Second, sending a message to the West, especially the US, that it is a group that believes in liberal ideas and that does not conflict with its Islamic program.

Third, the overthrow of Nouman Gomaa, the then head of the liberal al-Wafd Party, who opposed the Brotherhood's right to establish a political party.

Beginnings of the clash

The case of al-Azhar militias disturbed relations between the regime and the Brotherhood as of 2006.

On December 10, 2006, Brotherhood students at al-Azhar University mimicked a military parade. They wore black caps on their heads that bore the words 'steadfast Brothers'.

Security follow-up teams discovered that the group's leaders had formed organizational committees that included student affiliated with the Muslim Brotherhood. These students were assigned specific tasks with the aim of achieving horizontal spread among the student sectors at al-Azhar University. This was not agreed upon between the two parties.

Shura Council elections

After dialogue sessions between the group, political parties and political forces failed came short of forming a front to confront the regime, the Brotherhood decided to return to the bosom of the regime and launch a test balloon to measure the regime's ability to talk to it again.

The group nominated three of its deputies in the People's Assembly (lower chamber of parliament0 in the Shura Council elections that took place in June 2010.

However, the results disappointed the group, after the failure of its three candidates to win any seats, even as they were People's Assembly members for five consecutive years.

The group felt the enormity of the crisis and began to respond to a deep dialogue with the Americans about overthrowing the regime. It proceeded to contact Washington's representatives in Turkey to obtain instructions.

The instructions were clear: boycotting the parliamentary elections in 2010 and riding the wave steered by former Atomic Energy Agency chief Mohamed ElBaradei.

Reports

The Egyptian information services monitored many movements of a number of foreign intelligence services, especially the American ones. They also witnessed a remarkable activity of the elements of these services in Tahrir Square during the January events.

Security assessments confirmed that there is a major event for which the country was heading to, similar to the events in Tunisia. These estimates were presented on the table in front of Egypt's leadership on January 8, 2011. They were also known to army chief, Field Marshal Hussein Tantawi, who had fears, according to military intelligence reports, that the events might deviate from the scope of the peaceful demonstrations to the scope of civil disobedience.

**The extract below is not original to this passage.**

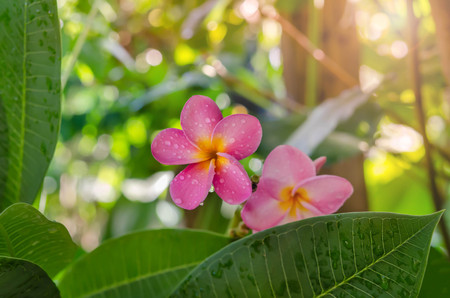 frsh pink frangipani  flower with leaves in gardenの写真素材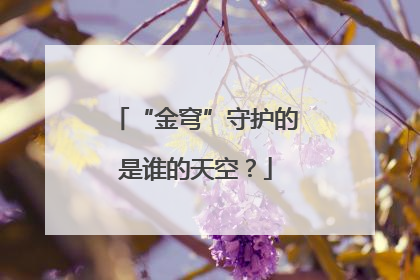 “金穹”守护的是谁的天空？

Directives were given immediately to the General Command of the Armed Forces to raise the alert level as of January 20, 2011.

January 23

On that day, an Egyptian military mission headed by Lieutenant-General Sami Anan, chief of staff of the Armed Forces, travelled to the US to attend the annual Egyptian-American Military Coordination and Cooperation Conference, which is concerned with researching all kinds of cooperation for all branches and weapons and identifying demands and evaluating what has been accomplished.

It is important to note that the aforementioned visit was planned for October 2010, but was postponed due to the People's Assembly elections.

When Lieutenant General Anan arrived at the airport to board the plane on the way back to Egypt, the second-in-command of the US army was waited for him.

Anan said the man took him aside and said: Keep the army away from the youth movement in the streets and do not respond to these demonstrations, for the demise of Mubarak's rule has become a matter of time. What is happening in Tahrir Square is the beginning of the end.

Anan did not realize that everything was in place and that the main actors had already pressed the button to start running the plan.

Each participant in the events had a cycle of precision decree, including the Brotherhood, ElBaradei, and the April 6 protest movement.

Only those simple and kind families of the great people of Egypt, who came out in the thousands to support slogans that expressed their pains and ambitions, were not on the line of contact with these planners and supporters. This was why their shock was violent when we revealed to them one day in the 'Black Box' television program the depth and gravity of what happened.